The foundation of the OUP ranks with the foundation of the Royal Society as one of the intellectual achievements of Restoration England. Clarendon's History of the Rebellion gave the press its first best-seller, and a name, attached to the new building paid for with the profits.

At the end of the 18th century, demand for bibles multiplied. The press put in new equipment, pioneered the stereotype process, and introduced steam-driven machines. It branched out into classics, Oriental texts, Keble's The Christian Year, Stubbs's Select Charters, Liddell and Scott's Greek lexicon.

The great figure of the 19th century was Bartholomew Price. He turned the press to educational publishing, English literature, and took on James Murray and the Oxford English Dictionary. He set up the bible warehouse in London, near St Paul's. "OUP" had now become a triad: the learned Clarendon Press and the Printing House at Oxford, with the "London Business" at Amen House. The printing house flourished. The "Revised Version" of the Bible was printed: on the day the New Testament was published, 17 May 1881, a million copies were sold.

Clerk Maxwell's Treatise on Electricity and Magnetism (1873) was the first of many great scientific works. Jowett's Plato, Skeat's Chaucer, Oxford Classical Texts, made OUP a household word to scholars all over the world. Fowler's Modern English Usage, the 1900 Oxford Book of English Verse, the first of many "Oxford Books", the "World's Classics", most pocketable of reprint series, added to its reputation in the 20th century. The press spread overseas.

How is it that, with no early warning signal, the Printing House, the nucleus of a world-wide dominance of printing, should be closed? The causes go a long way back. They are not fools or philistines at Oxford, though hard pressed by the government blitz on higher education. What has driven them to destroy as vital a part of the country's heritage as the Rolls- Royce, the Tower of London or Bath Oliver biscuits?

Perhaps it really began in the Fifties, when the US government was investing huge sums in higher education and universities were springing up like mushrooms. OUP and its Printing House in particular was pounding out academic monographs and school texts as hard as they could. Then came the terrible early Seventies. The Americans cut back: inflation went into double figures, there was a paper famine and prices trebled in 18 months, and - worst of all - Retail Price Maintenance. OUP had no capital to face this barrage: cut-back was essential.

All branches of OUP suffered, but the Printing House worst. A lot of business had been driven elsewhere, notably the Far East, where prices were far cheaper. Photo-lithography brought a decline in letterpress printing which was killed by the rise of metal prices in the Sixties. The Printing House's unique skill in complex setting, whether Chinese or pure physics, did not take kindly to the new technology. Its business shrank from 13 per cent of the OUP turnover of pounds 15m in 1970 to 7 per cent of pounds 100m in 1988. In 1970 there were 930 employees, in 1988, 250. The will to survive went, too; it spread from the top downwards.
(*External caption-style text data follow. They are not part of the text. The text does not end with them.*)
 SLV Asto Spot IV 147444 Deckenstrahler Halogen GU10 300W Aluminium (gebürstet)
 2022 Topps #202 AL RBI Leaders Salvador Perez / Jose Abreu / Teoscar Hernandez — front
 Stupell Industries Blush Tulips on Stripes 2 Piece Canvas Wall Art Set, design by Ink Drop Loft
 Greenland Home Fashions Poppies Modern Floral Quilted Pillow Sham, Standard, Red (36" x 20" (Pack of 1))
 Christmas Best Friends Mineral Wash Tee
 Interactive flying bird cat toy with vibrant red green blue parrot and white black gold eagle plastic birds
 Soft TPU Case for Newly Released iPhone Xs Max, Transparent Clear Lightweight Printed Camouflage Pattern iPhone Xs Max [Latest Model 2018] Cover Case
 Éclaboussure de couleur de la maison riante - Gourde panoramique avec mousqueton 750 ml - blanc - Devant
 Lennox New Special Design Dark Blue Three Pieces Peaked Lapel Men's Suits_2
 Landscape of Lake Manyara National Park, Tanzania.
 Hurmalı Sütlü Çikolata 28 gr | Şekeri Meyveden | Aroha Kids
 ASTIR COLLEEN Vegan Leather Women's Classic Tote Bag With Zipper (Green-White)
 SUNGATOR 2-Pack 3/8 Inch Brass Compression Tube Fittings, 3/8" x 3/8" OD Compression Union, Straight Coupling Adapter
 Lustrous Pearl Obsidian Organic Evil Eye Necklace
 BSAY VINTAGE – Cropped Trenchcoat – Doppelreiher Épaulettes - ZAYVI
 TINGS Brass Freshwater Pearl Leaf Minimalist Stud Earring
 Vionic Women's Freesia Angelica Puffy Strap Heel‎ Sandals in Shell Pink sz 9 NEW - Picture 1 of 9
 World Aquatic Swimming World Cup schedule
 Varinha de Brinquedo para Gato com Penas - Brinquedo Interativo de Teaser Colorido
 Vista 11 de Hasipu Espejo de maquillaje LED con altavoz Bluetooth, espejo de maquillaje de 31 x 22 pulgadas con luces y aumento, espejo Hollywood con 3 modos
Loss of morale tends to be accepted as inevitable, but was this inevitable? Professor York Powell said a century ago that a university consisted of a library and a press. Oxford has lost its press, and can barely support the Bodleian. What if the OUP should shrink to an agency, buying print elsewhere and with no more hardware around than desk-top VDUs for text-processing? If so, it will have sold its birthright and lost all reason for existing.